- **Work to complete**: Your task is to repeat the entries exactly. Leave the pictures out.

- **Records for processing**:

/---

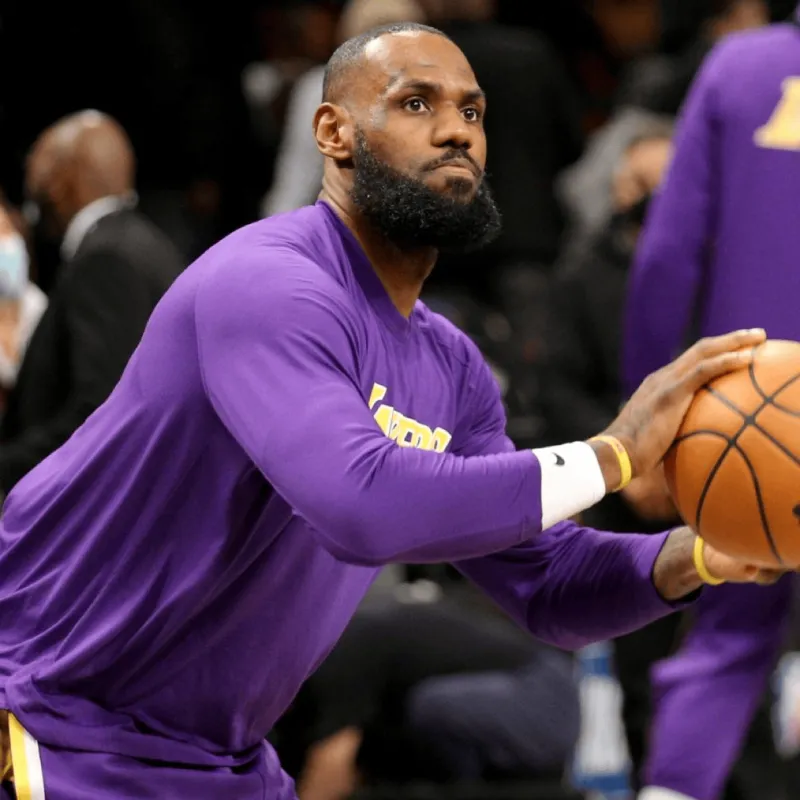 一站式AI创作-高效输出！詹姆斯近2战场均30.0分9.0篮板8.0助攻1.0次盖帽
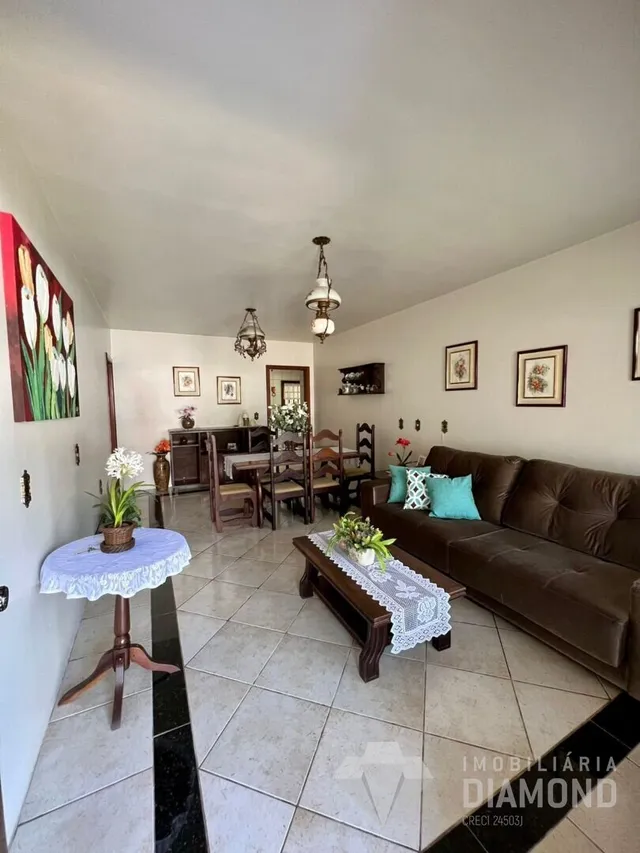 Casa com 4 dormitórios, foto 3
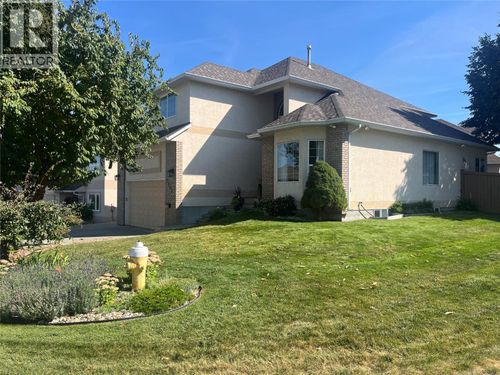 2003 Panorama Crt, Kamloops, BC, V2E2S1 | Card Image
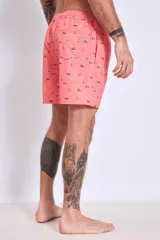 Short de baño celeste con estampado de gaviotas en negro y etiqueta con logo en la pierna.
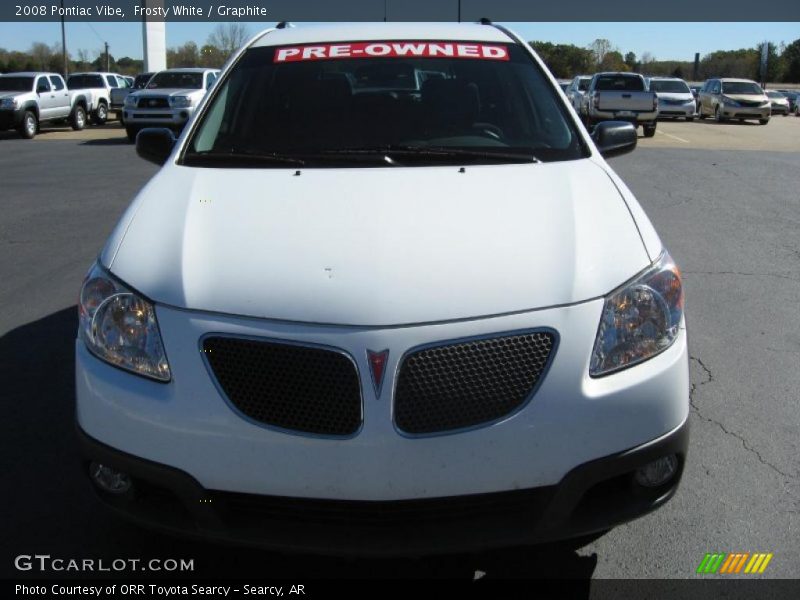 Frosty White / Graphite 2008 Pontiac Vibe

\---

- **Response to this exercise**:
 一站式AI创作-高效输出！詹姆斯近2战场均30.0分9.0篮板8.0助攻1.0次盖帽
 Casa com 4 dormitórios, foto 3
 2003 Panorama Crt, Kamloops, BC, V2E2S1 | Card Image
 Short de baño celeste con estampado de gaviotas en negro y etiqueta con logo en la pierna.
 Frosty White / Graphite 2008 Pontiac Vibe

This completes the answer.